Dix-sept siècles après le geste universel de Martin, le partage a revêtu une forme contemporaine. C'est un nouveau partage, responsable, engagé, élargi: le Partage citoyen.
Le concept du Partage citoyen a été validé par une Commission d'une vingtaine d'experts européens réunis dans le cadre de la célébration du 50e anniversaire du Traité de Rome le 14 mars 2007 à Paris, sous la tutelle du Conseil de l'Europe et du Ministère de la Culture et de la Communication, sous la présidence de Madame Catherine Lalumière.
LES OBJECTIFS DE LA FONDATION
- Affirmer l'importance de la valeur universelle du partage à laquelle chacun peut adhérer, pour chercher des solutions à l'échelle de la planète aux problèmes contemporains (environnement, éducation, santé…),
- Sensibiliser à la prise de conscience d'une identité et d'une citoyenneté humaine communes, à l'ouverture à l'autre, en respectant cultures et différences,
- Inscrire le « Partage citoyen » dans la Déclaration universelle des Droits de l'Homme (quatrième génération),
- Générer l'engagement personnel des individus en proposant une participation active dans des initiatives de « Partage citoyen »,
- Mettre en place et diffuser le label « Partage citoyen »,
- Organiser les « journées européennes du partage »
- Sensibiliser à l'importance du partage par l'éducation pour qu'il devienne un réflexe naturel dans notre vie quotidienne ; promouvoir la valeur du partage par l'éducation aux droits de l'Homme et à la citoyenneté,
- Créer un prix du « Partage citoyen », destiné à récompenser des actions concrètes qui s'inscriront dans une dynamique de citoyenneté humaine,
- Rédiger une « Charte du Partage citoyen », qui définira l'ensemble des critères nécessaires à l'obtention du label Partage citoyen,
- Faire de Tours la capitale internationale du « Partage citoyen », en créant un sommet permanent du Partage citoyen par le biais des nouvelles technologies, qui établira des passerelles entre les organisations et les institutions qui concrétisent sur le terrain des projets, pour créer une meilleure compréhension entre les individus. Ce travail s'appuiera sur la réflexion et l'interrogation permanente de tous, dans une démarche citoyenne qui utilisera toutes les formes de communications modernes,
- Créer un espace public d'un type nouveau, où se dérouleront de véritables rencontres et délibérations démocratiques impliquant les institutions, la société civile, les associations…, permettant de réfléchir aux problèmes de société et de proposer des solutions. La fondation Saint Martin sera une structure de réflexion pluridisciplinaire, intersectorielle et transversale,
- Créer des passerelles entre l'accès à l'éducation, les écarts de vie au nord et au sud, les droits civiques, les changements climatiques ou la solidarité internationale. Le grand enjeu du XXIe siècle sera l'élaboration d'une véritable communauté mondiale qui consistera à passer du stade de l'interdépendance à celui de l'intégration.

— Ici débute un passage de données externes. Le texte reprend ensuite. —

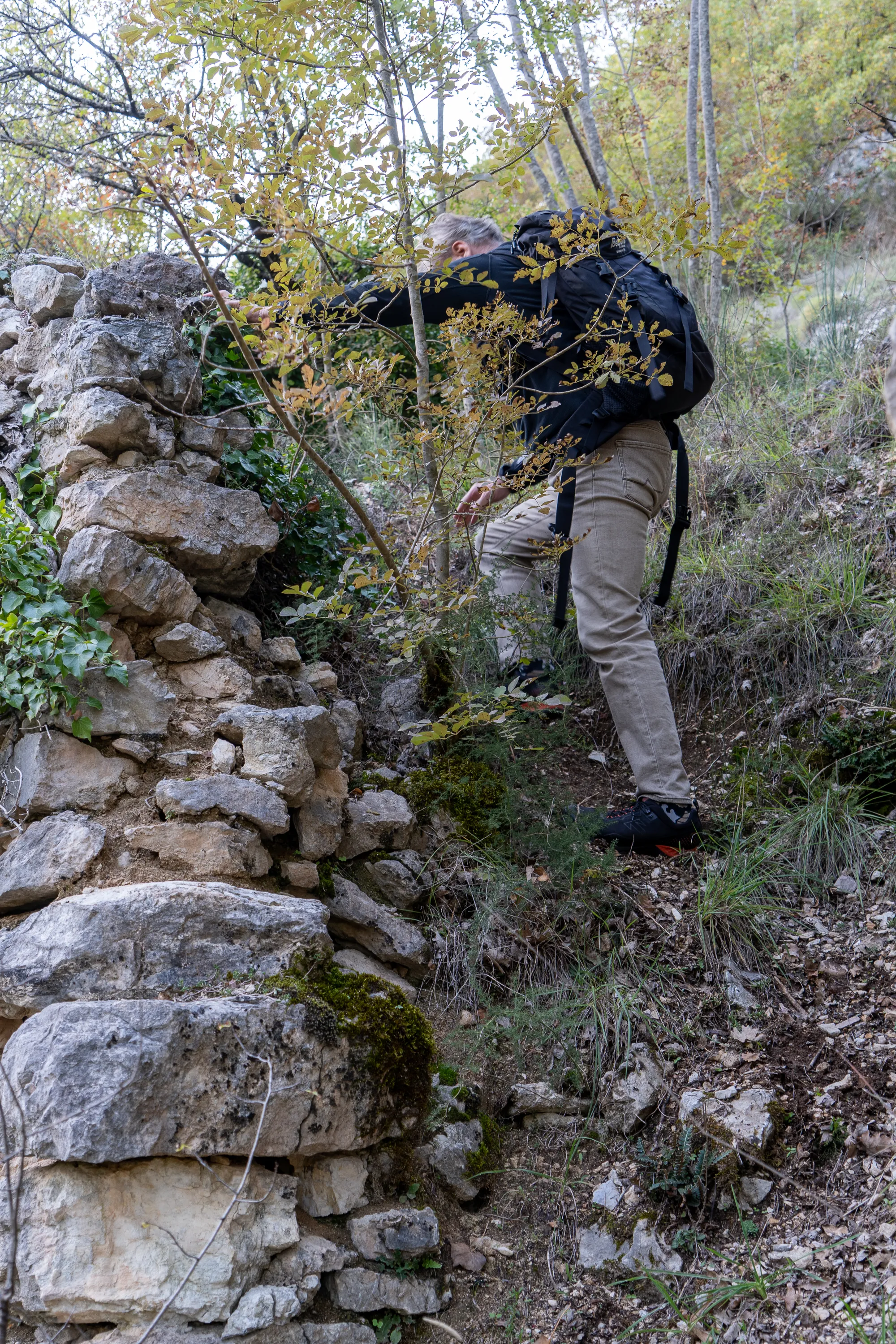 Mann mit Rucksack klettert an Steinmauer im Herbstwald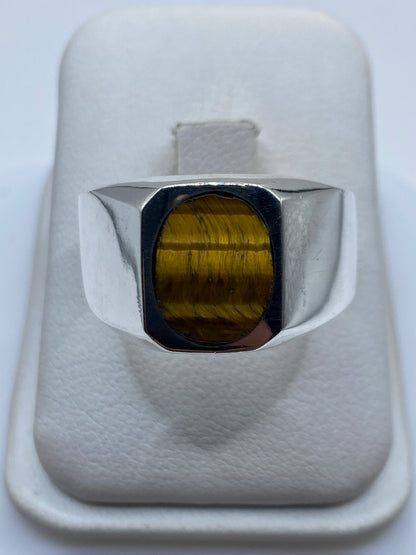 Anillo signet de plata .925 con piedra café, vista de frente en mano de hombre adulto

En développant la notion de "Partage citoyen", la Fondation Saint Martin ne prétend en aucune manière se substituer à des organismes qui agissent déjà dans tous les domaines où le partage est indispensable. Elle ne sera pas une ONG ou une organisation humanitaire ou environnementale de plus. Elle devra agir pour construire un cadre de réflexion sur ce qui doit être partagé ou réparti, comment devra se faire cette répartition et dans quels buts. Elle devra être une boîte à idées, ou un "thinktank" qui fera appel aux travaux des économistes, sociologues, philosophes, historiens et personnalités du monde scientifique et intellectuel concernées par cette réflexion.
LE PARTAGE CITOYEN : LE TEXTE FONDATEUR
« Serait-ce une utopie de suggérer la vision morale d'un autre monde qui, en raison des turbulences qui le traversent, reste lié par sa démarche et uni dans son destin, autrement dit, par la nécessité absolue de partager à tous les niveaux ? », Elie Wiesel.
INTRODUCTION
L'Humanité, c'étaient 250 millions d'êtres humains à l'époque de Jésus Christ, 1 milliard au 18e siècle, 2 milliards en 1950. Aujourd'hui, nous sommes 6,5 milliards, et nous serons 8 milliards dans moins de vingt ans. Mais, au niveau de vie occidental, la planète peut seulement nourrir un milliard de personnes. Aucun précédent historique n'existe pour nous aider à affronter cette situation. De plus, lors de crises, c'est toujours le côté violent et agressif de l'Homme qui prédomine dans son comportement. Or, il est plus que jamais responsable de la survie de l'Humanité. Comment faire resurgir les valeurs positives qu'il a inventées (démocratie, amour, amitié…) et son côté solidaire, attentif à autrui? Par le Partage citoyen.
DEFINITION
Le Partage citoyen, c'est la prise de conscience de l'absolue nécessité de partager : partager les biens publics mondiaux: l'eau, l'air, les richesses, le savoir, la santé…
LES FONDEMENTS
Le Partage citoyen intègre des réflexions écologiques, économiques et socioculturelles qui puisent leurs racines dans l'histoire des idées et des pratiques économiques et sociales.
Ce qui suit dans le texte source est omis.